La mascotte suisse des «gilets jaunes»

Une interview de 2015 proposant une micro-taxe sur toutes les transactions fait à nouveau fureur depuis quelques semaines. Marc Chesney, le professeur qui la défend, a du coup adapté ses calculs pour la France

C’est un effet indirect inattendu du mouvement des «gilets jaunes»: depuis début novembre, un article du Temps, pourtant daté de 2015, fait fureur sur Facebook. Son titre? «Une taxe sur les transactions financières pourrait remplacer tous les impôts actuels». C’est ce qu’affirmait alors le professeur de finance de l’Université de Zurich, Marc Chesney, qui dénonçait également une aristocratie financière ayant pris le pouvoir au détriment du reste de la population.

L’expert y exposait l’idée qu’il promeut avec le financier zurichois Felix Bolliger de «micro-taxe» financière sur toutes les transactions. Il s’agirait de ponctionner «tous les paiements électroniques, comme les factures de restaurant… et pas seulement les achats d’actions ou d’obligations». Il expliquait alors qu’en Suisse, ces paiements sont de l’ordre de 100 000 milliards de francs par an, et que cette taxe suffirait donc à remplacer tous les impôts.

Or, depuis le 2 novembre, cet article a bénéficié de 122 690 pages vues, dont plus des deux tiers venant de lecteurs français, notamment parce qu’il a été partagé dans des groupes proches des «gilets jaunes» sur Facebook puis repartagé jusqu’à des centaines de fois, également sur Twitter. Le plus souvent, les commentaires sont enthousiastes, même si certains doutent qu’une telle mesure puisse être mise en place. «L’idée est bonne et faisable si l’on demande son avis au peuple; mais ce ne sera jamais le cas…» prédit un internaute.

Pas la taxe Tobin

D’autres se moquent du président Emmanuel Macron, le jugeant incapable d’imposer une telle idée à ses alliés de la finance. Car il y a parfois confusion, ce projet étant souvent directement associé à la taxe Tobin, datant des années 1970, relayée par Attac à la fin des années 1990 et dont l’objectif est différent, puisqu’elle se limitait aux transactions de la finance et n’incluait pas, comme ici, tous les paiements électroniques.

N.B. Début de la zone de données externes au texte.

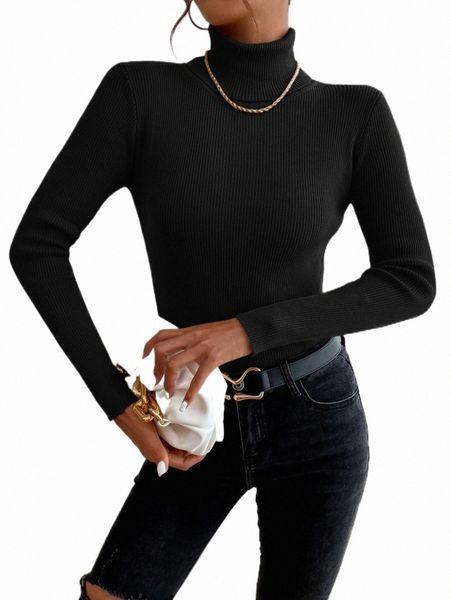 

women's sweaters turtle neck ribbed knit sweater p9cj#, White;black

Ce regain d'intérêt n'a pas échappé au principal concerné, le professeur Marc Chesney, directement contacté par des lecteurs, souvent des gilets jaunes, invité à s'exprimer, puis par des médias comme La Dépêche du Midi ou Sud-Ouest, qui s'apprête à publier une tribune de sa plume. L'occasion de refaire les calculs et de les appliquer à la France. «Il faut être prudent, car je ne dispose pas de toutes les données, mais une taxe de 0,1% à 0,2% perçue sur toutes les transactions électroniques devrait permettre de récolter un montant de l’ordre de 200 milliards d'euros, soit davantage que la TVA», explique-t-il. En France, son taux dit «normal» est de 20%. «Il est en réalité disproportionné et indique un dysfonctionnement de l’Etat», estime-t-il.

Emmanuel Macron «dos au mur»

Pour le professeur zurichois, le président Macron, lors de son allocution de lundi soir, «a lâché du lest» en prenant certaines mesures. Le gouvernement est cependant «dos au mur». L'expert franco-suisse considère, dans ce contexte, que cette idée de micro-taxe serait une «bonne solution qui permettrait de réduire les impôts tous en menant la transition énergétique. Avec un taux supérieur à 0,2%, ces deux objectifs commenceraient à être conciliés.»

Par ailleurs, le projet de micro-taxe devrait également faire l'objet d'une initiative populaire en Suisse. La récolte des signatures devrait débuter d'ici mars ou avril, explique Marc Chesney, le temps de finir la rédaction du texte de l'initiative. «Ce processus prend du temps et il faut aussi tirer les conclusions des échecs de certaines initiatives. Le texte doit être court, simple et clair», explique le professeur.